The company has officially promoted its own concerts and in-house events as part of Magical Pride.

While events like Gay Days have been welcomed in Disney's theme parks for years, Disneyland Paris has announced that it will host Magical Pride, the first in-house event celebrating LGBTQ park-goers.

"Dress like a dream, feel fabulous and experience Walt Disney Studios Park like never before," reads the Disneyland Paris website. "Loud, proud and alive with all the colours of the rainbow!"

The event marks another step in Disney's decades-long evolution on acceptance: From discouraging outward displays of affection by gay couples to endorsing events like Gay Days to cooperating with outside organizers on promotion and now to actually creating its own programming.

The Magical Pride event features performances from such out performers as Years & Years lead singer Olly Alexander and Boy George, and acts with huge LGBTQ fan bases like Corine and Sindykatz

The move comes four years after British travel agent Nathan Tunnah founded an unofficial Pride event at the parks.

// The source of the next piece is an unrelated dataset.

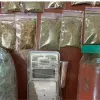 На Дніпропетровщині викрили наркодилерів у лігві яких знайшли дурману на понад 10 млн: що їм загрожує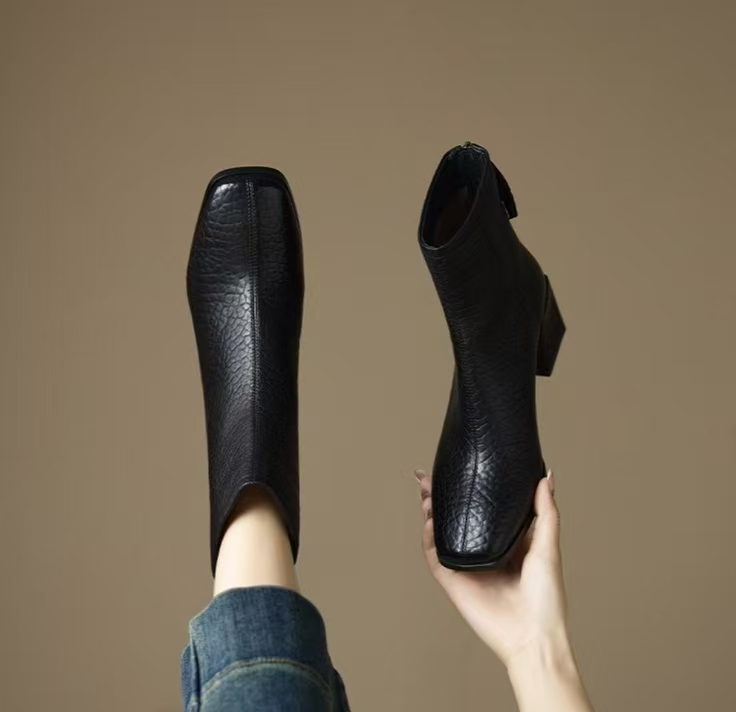 粗跟短靴秋冬方头高跟时尚瘦瘦靴女靴子Y1598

He worked with Disney on the Magical Pride event, he told theLos Angeles Times.

"This will help the general population see LGBTQ people as they see everyone else -- normal," he told the newspaper.

Disney's camp theme park environments, billed as the happiest places on earth, have long enjoyed huge LGBTQ fan bases. The Gay Days weeklong celebration in Orlando, which this year will take place over a week in August, bills itself as the No. 1 LGBTQ vacation experience in the world.

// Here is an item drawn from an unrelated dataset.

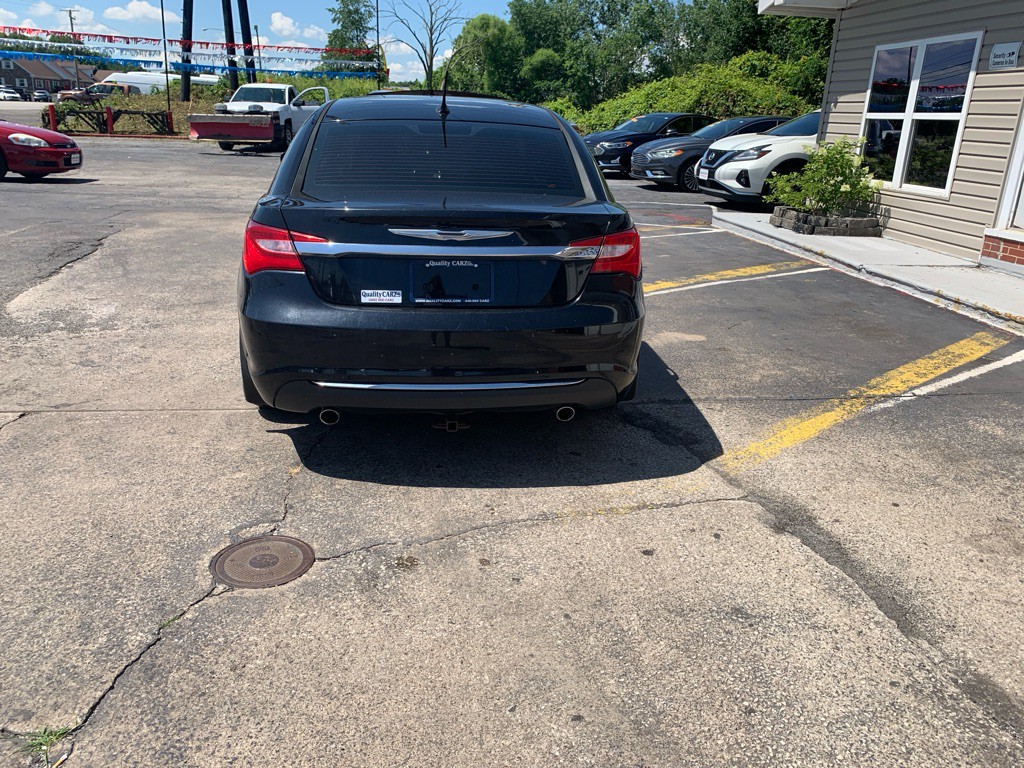 2013 Chrysler 200 Image 4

But it began as a rogue event, started in 1991 as a single-day event when individuals in Orlando's gay and lesbian community gathered in the park for Red Shirt Day. Not long before that point, parks would discourage hand-holding and dancing by same-sex couples in the parks.

Today, the Gay Days event gets marketing in the community with billboards and with international advertising campaigns. Disney itself sells Rainbow-themed merchandise during Pride month and for Gay Days.

It's unclear whether a complete embrace of Pride as seen in Paris will lead to similar in-house events in U.S. parks.